YOUR GOAL:
When writing out the entries below, keep only the lines from the line with "Free shipping landscape" to the line with "Bundling Bubuk Kunyit", both included, exactly as they are, and leave the pictures aside.
[DATASET EXTRACT]
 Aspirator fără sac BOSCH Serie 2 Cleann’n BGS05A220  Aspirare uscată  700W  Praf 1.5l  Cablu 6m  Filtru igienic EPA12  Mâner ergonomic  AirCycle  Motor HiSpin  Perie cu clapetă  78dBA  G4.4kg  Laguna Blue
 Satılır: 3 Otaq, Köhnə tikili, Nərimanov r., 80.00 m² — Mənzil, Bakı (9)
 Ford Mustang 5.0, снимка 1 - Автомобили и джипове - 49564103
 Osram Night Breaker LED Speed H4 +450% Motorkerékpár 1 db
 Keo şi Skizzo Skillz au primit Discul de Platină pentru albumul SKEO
[/DATASET EXTRACT]
[DATASET EXTRACT]
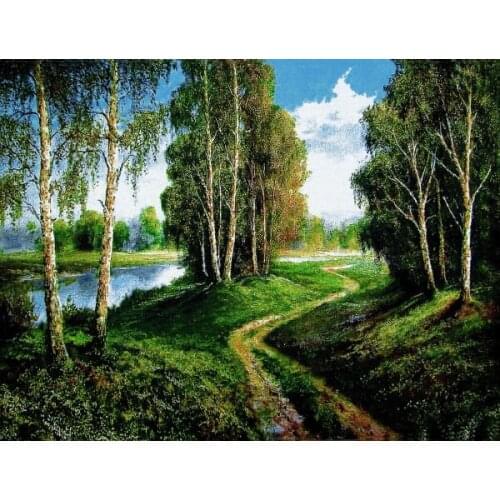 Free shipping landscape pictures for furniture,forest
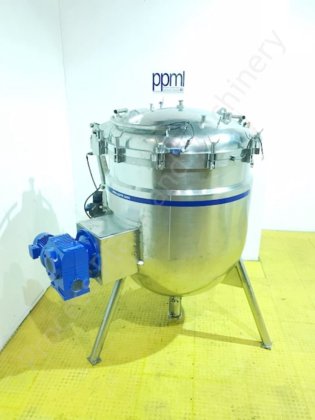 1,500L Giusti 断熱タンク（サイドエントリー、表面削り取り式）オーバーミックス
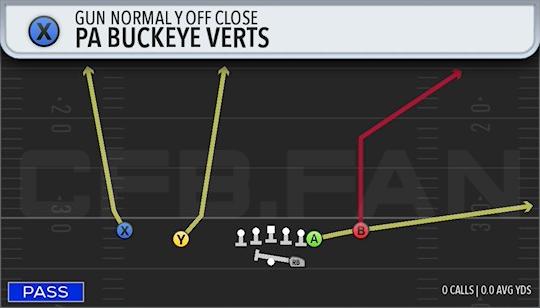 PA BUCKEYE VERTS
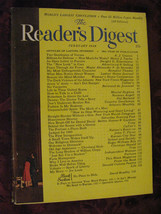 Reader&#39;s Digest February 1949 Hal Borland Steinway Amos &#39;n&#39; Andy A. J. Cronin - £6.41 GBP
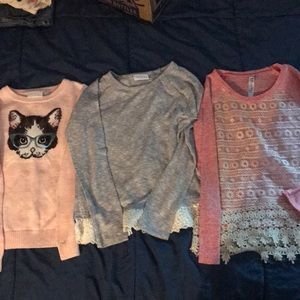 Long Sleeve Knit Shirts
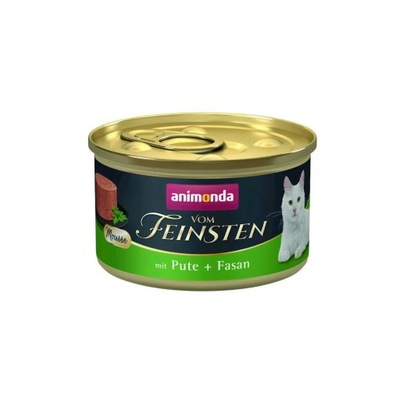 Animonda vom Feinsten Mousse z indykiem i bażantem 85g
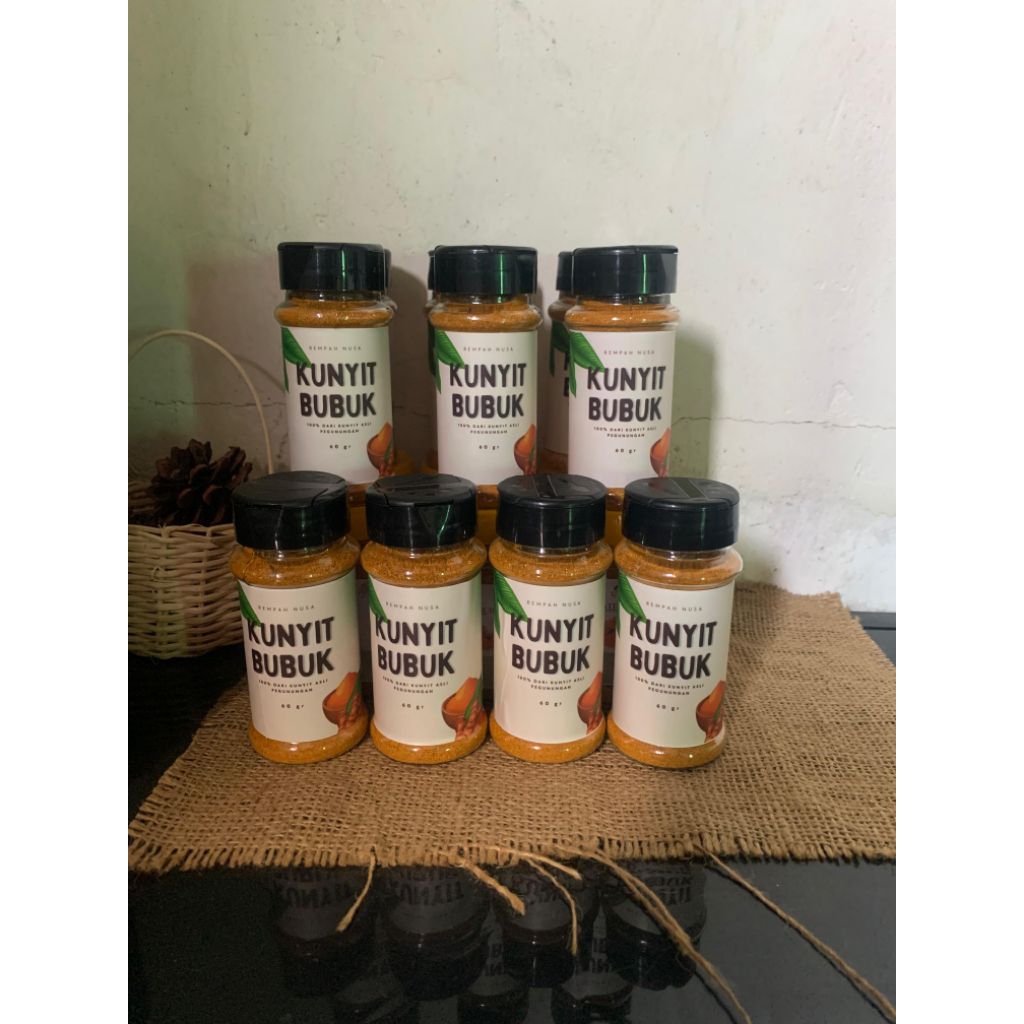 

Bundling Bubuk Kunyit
[/DATASET EXTRACT]
[DATASET EXTRACT]
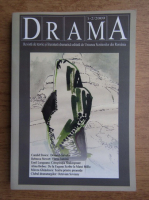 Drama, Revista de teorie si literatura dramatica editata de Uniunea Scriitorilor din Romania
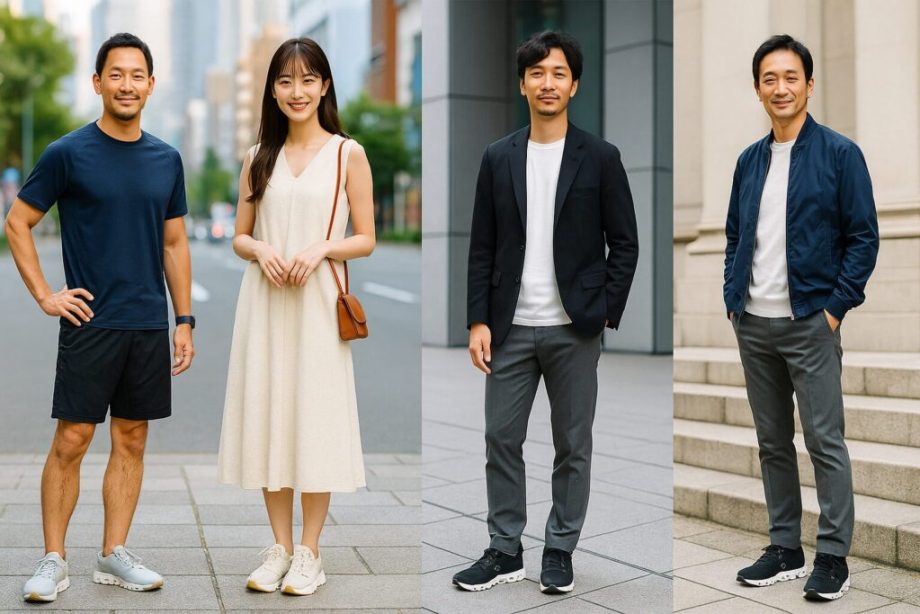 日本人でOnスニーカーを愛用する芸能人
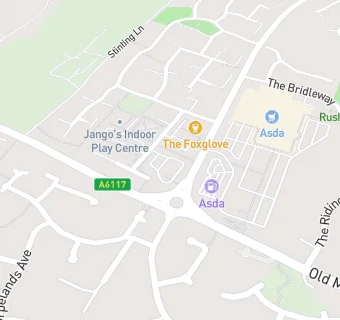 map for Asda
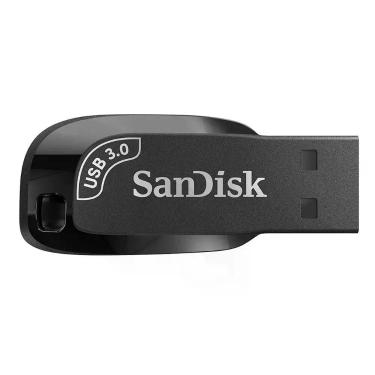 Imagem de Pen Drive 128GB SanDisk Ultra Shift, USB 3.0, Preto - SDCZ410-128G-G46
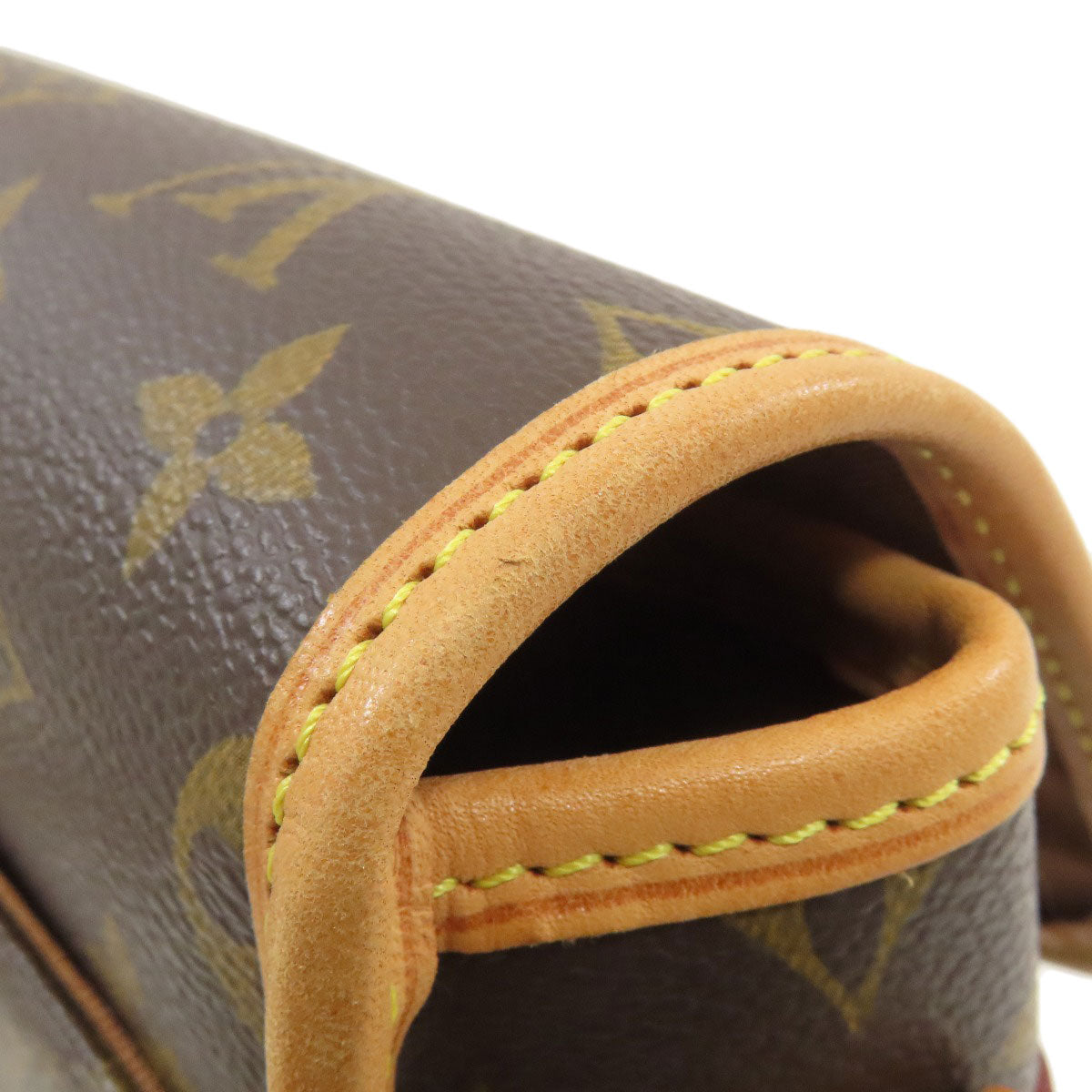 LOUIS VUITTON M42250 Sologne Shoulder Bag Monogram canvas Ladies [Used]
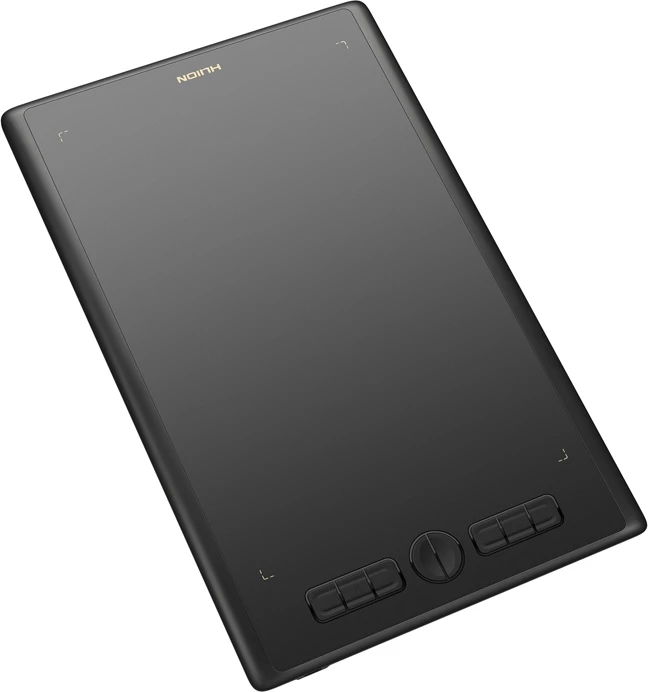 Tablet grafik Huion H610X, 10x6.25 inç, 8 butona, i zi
[/DATASET EXTRACT]
SOLVED PROBLEM:
 Free shipping landscape pictures for furniture,forest
 1,500L Giusti 断熱タンク（サイドエントリー、表面削り取り式）オーバーミックス
 PA BUCKEYE VERTS
 Reader&#39;s Digest February 1949 Hal Borland Steinway Amos &#39;n&#39; Andy A. J. Cronin - £6.41 GBP
 Long Sleeve Knit Shirts
 Animonda vom Feinsten Mousse z indykiem i bażantem 85g

Bundling Bubuk Kunyit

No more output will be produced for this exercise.